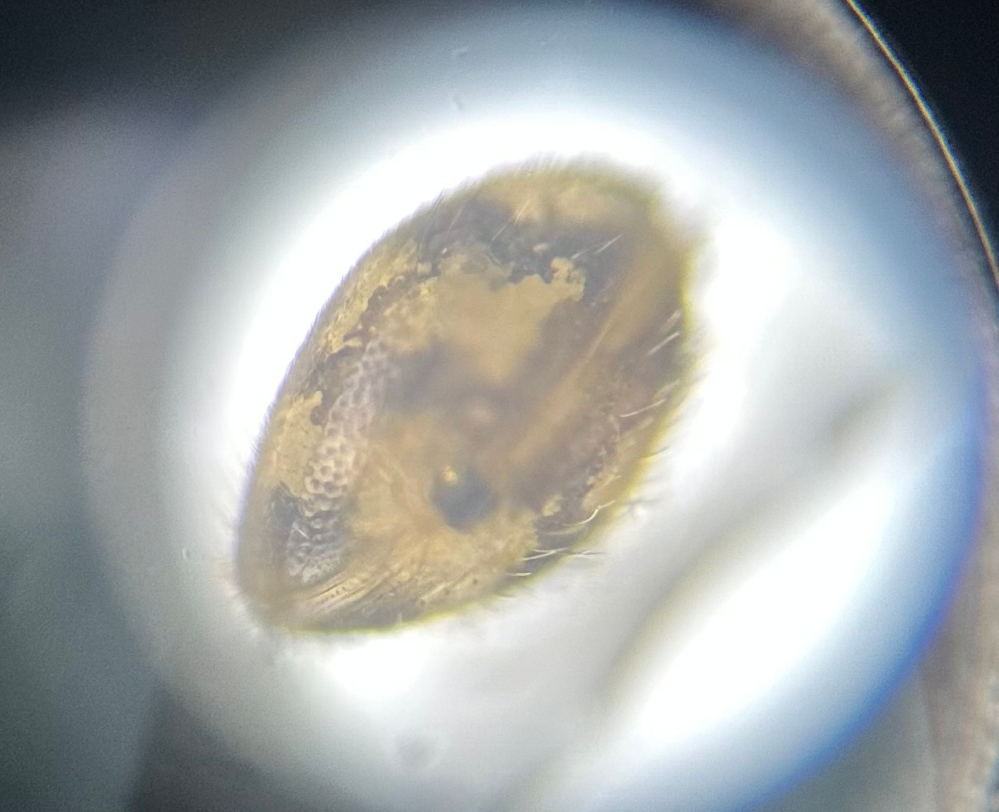 微生物についての質問です メダカの水槽にいました この生物は何なのでしょうか？ 貝のような？なかなかすばしっこいです 大きさはギリギリ目で見れるぐらいで0.5mmぐらい？です 写真は顕微鏡100倍で撮ったものを少し拡大したものです よろしくお願いします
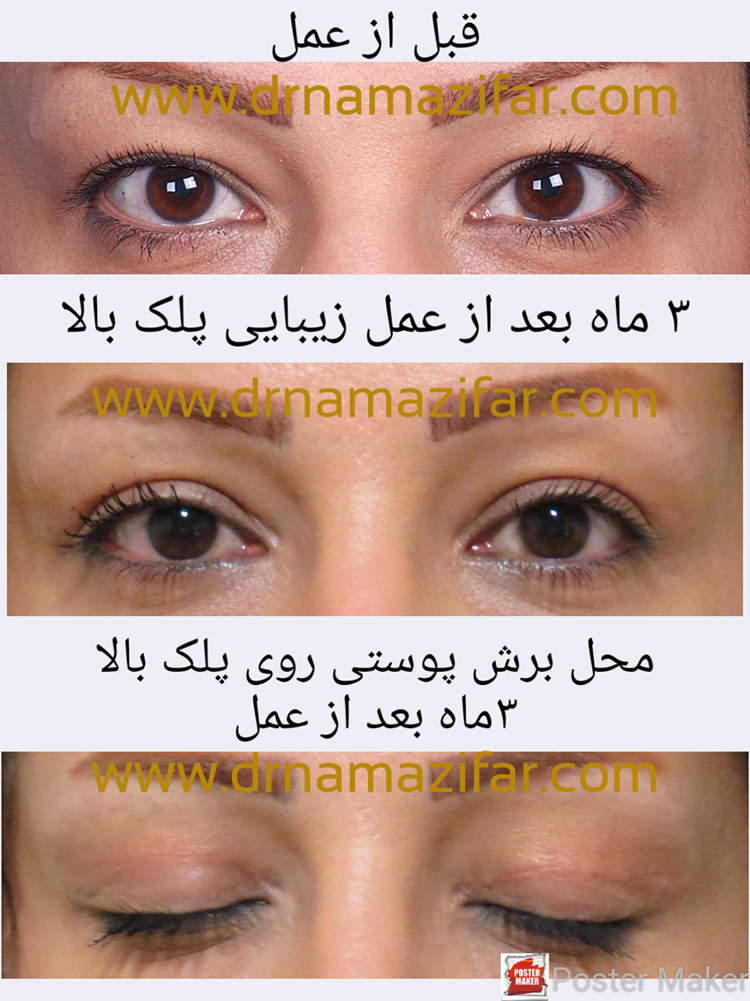 عمل جراحی زیبایی پلک (بلفاروپلاستی) یا  Blepharoplasty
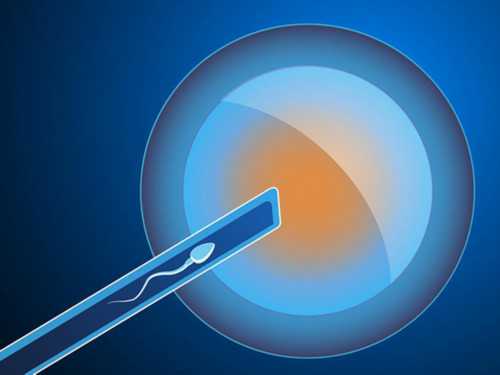 糖尿病影响做试管婴儿吗_糖尿病影响试管着床吗,失独代怀代生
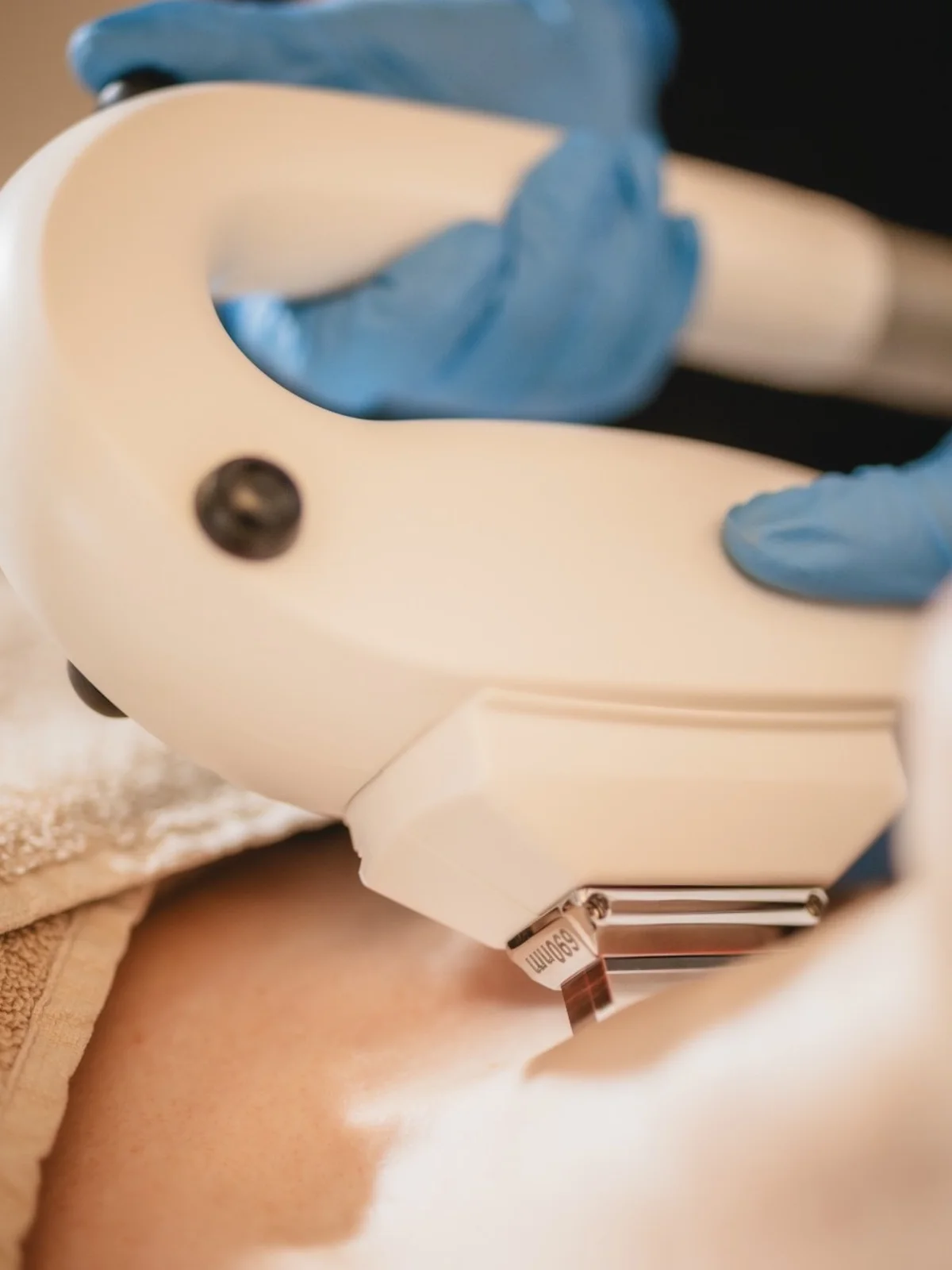 Lichttherapie met IPL bij LIV Derma Institute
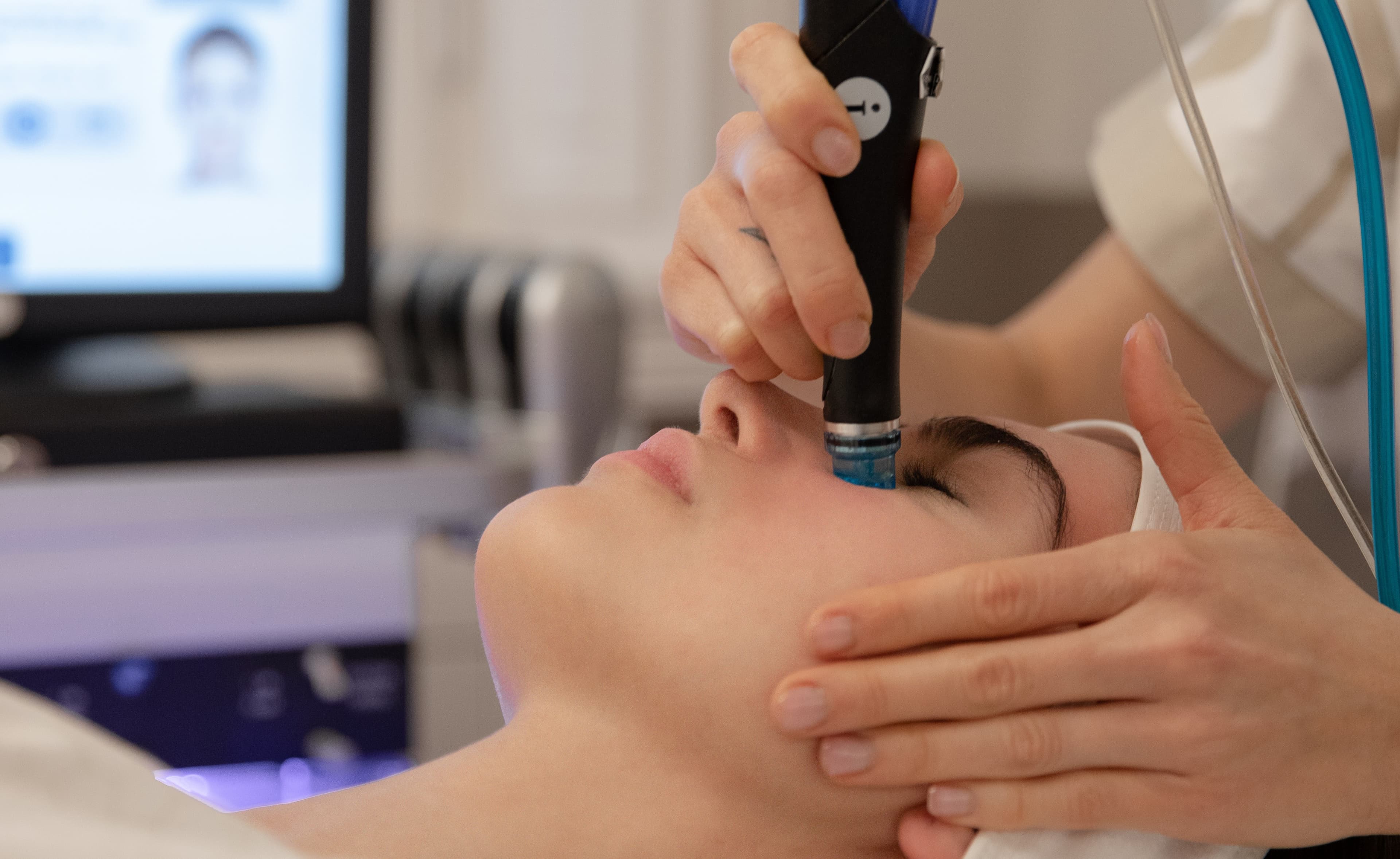 prima-e-dopo-hydrafacial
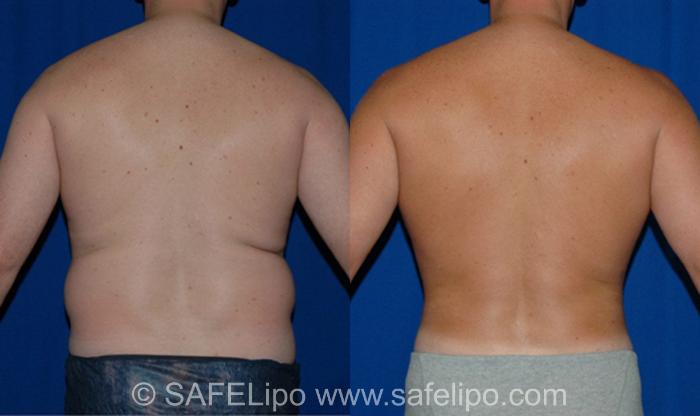 SAFELipoHD® Case 11 Before & After View #4 | SAFELipo®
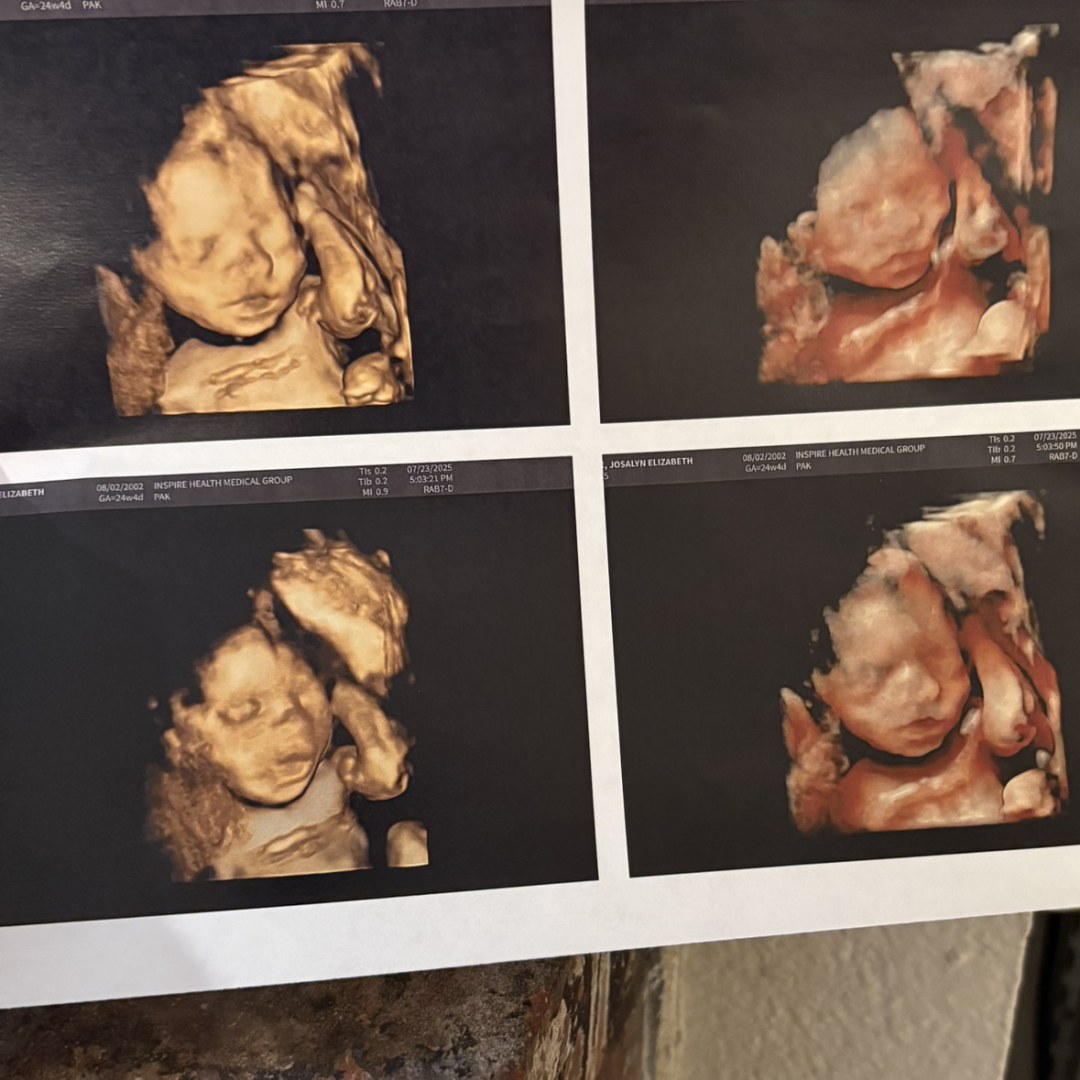 Photo shared by Josalyn for their Babylist baby registry.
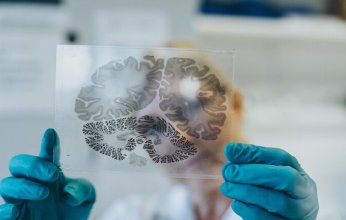 اكتشاف سببًا جديدًا محتملًا لمرض ألزهايمر.. إعرف التفاصيل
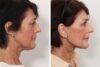Facelift case #3052 slider thumbnail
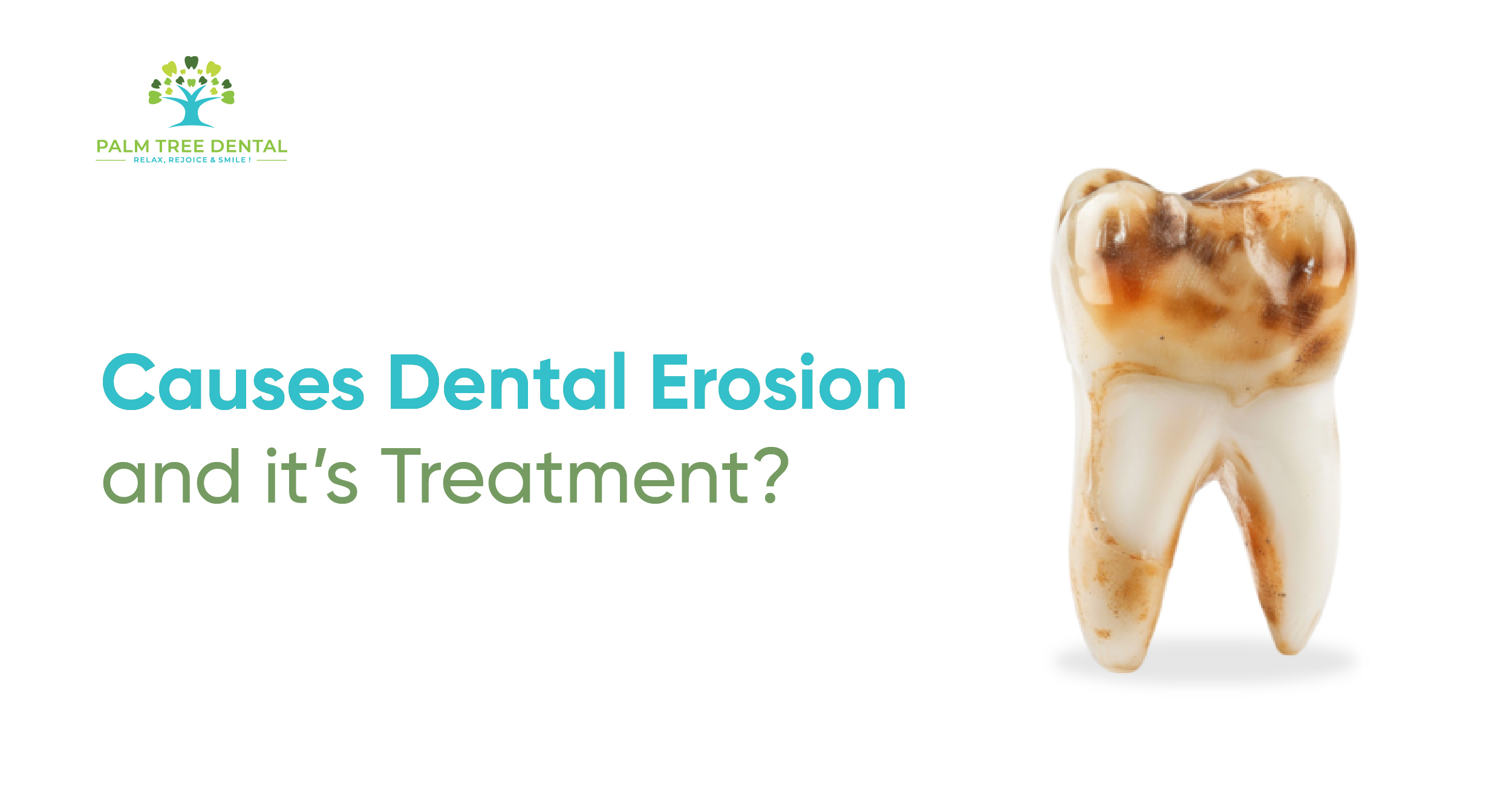 Causes of dental erosion and its treatment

-- PROBLEM STATEMENT --
From the first line to the last, write out the data exactly, omitting any pictures.

-- ANSWER TO THIS PROBLEM --
 微生物についての質問です メダカの水槽にいました この生物は何なのでしょうか？ 貝のような？なかなかすばしっこいです 大きさはギリギリ目で見れるぐらいで0.5mmぐらい？です 写真は顕微鏡100倍で撮ったものを少し拡大したものです よろしくお願いします
 عمل جراحی زیبایی پلک (بلفاروپلاستی) یا  Blepharoplasty
 糖尿病影响做试管婴儿吗_糖尿病影响试管着床吗,失独代怀代生
 Lichttherapie met IPL bij LIV Derma Institute
 prima-e-dopo-hydrafacial
 SAFELipoHD® Case 11 Before & After View #4 | SAFELipo®
 Photo shared by Josalyn for their Babylist baby registry.
 اكتشاف سببًا جديدًا محتملًا لمرض ألزهايمر.. إعرف التفاصيل
Facelift case #3052 slider thumbnail
 Causes of dental erosion and its treatment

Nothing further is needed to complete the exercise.